As the answer, return precisely the lines from the one containing "Short Sleeve Button-up Shirt - Beige" to the final line of the material below, inclusive, and omit every picture.

### Exercise data

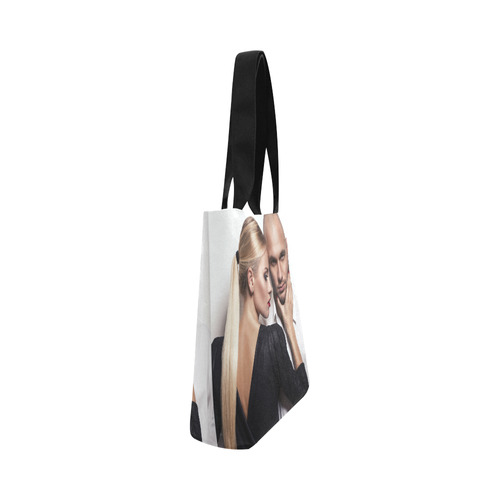 Beautiful Woman and Man Beauty Fashion Photo Canvas Tote Bag (Model 1657)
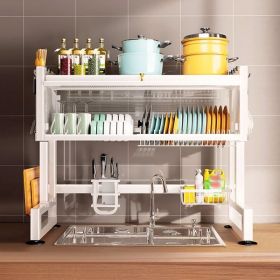 JoybosÂ® Dish Rack Over The Sink with Cutlery Drainer - as picture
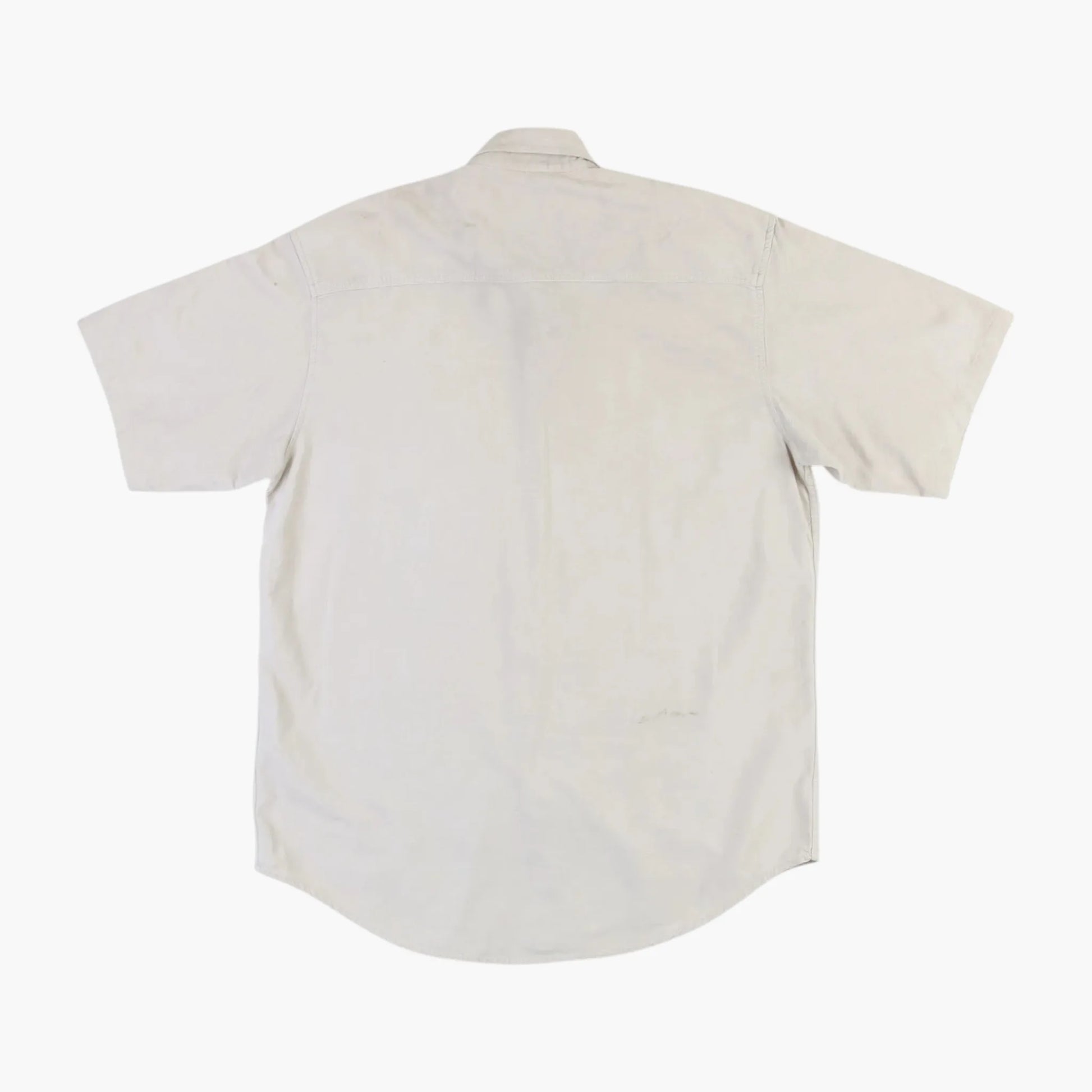 Short Sleeve Button-up Shirt - Beige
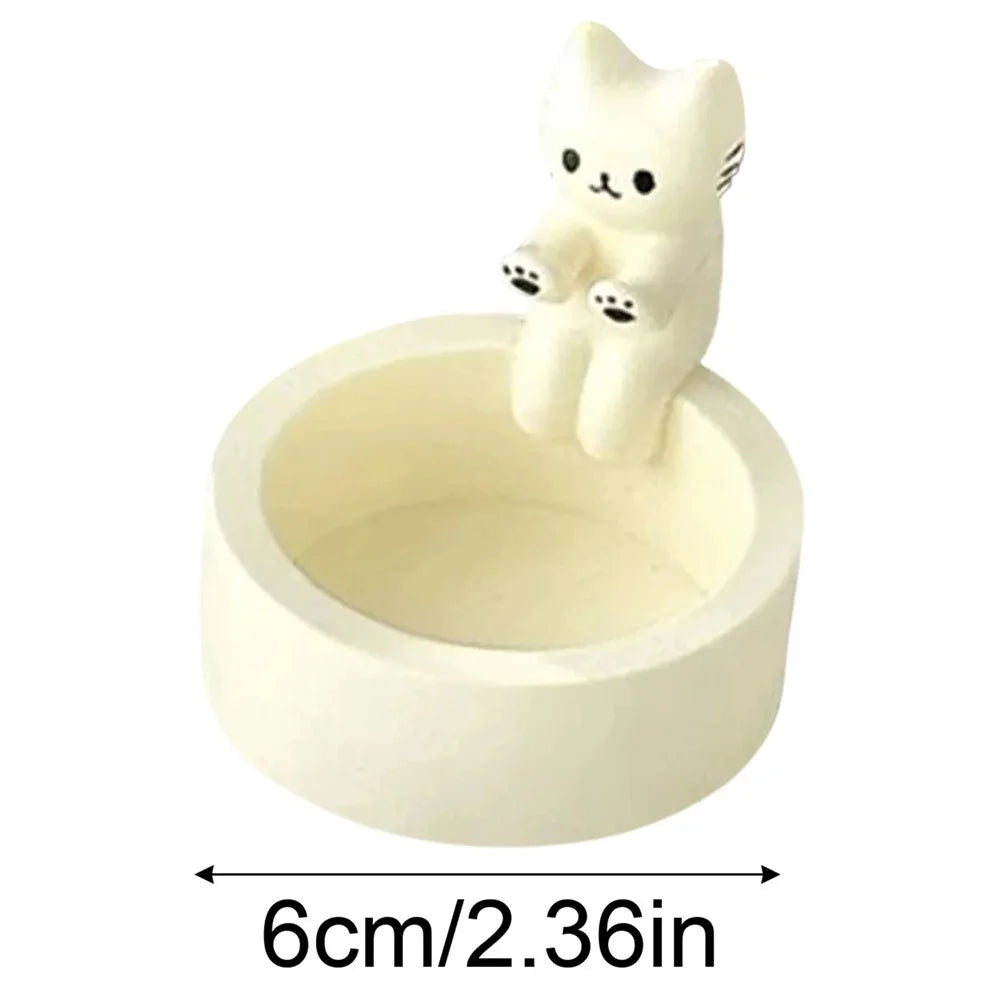 Cute Cat Scented Candle Holder Resin Candlestick Home Restaurant Decoration - Style B - 5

######

• **Problem solution**
 Short Sleeve Button-up Shirt - Beige
 Cute Cat Scented Candle Holder Resin Candlestick Home Restaurant Decoration - Style B - 5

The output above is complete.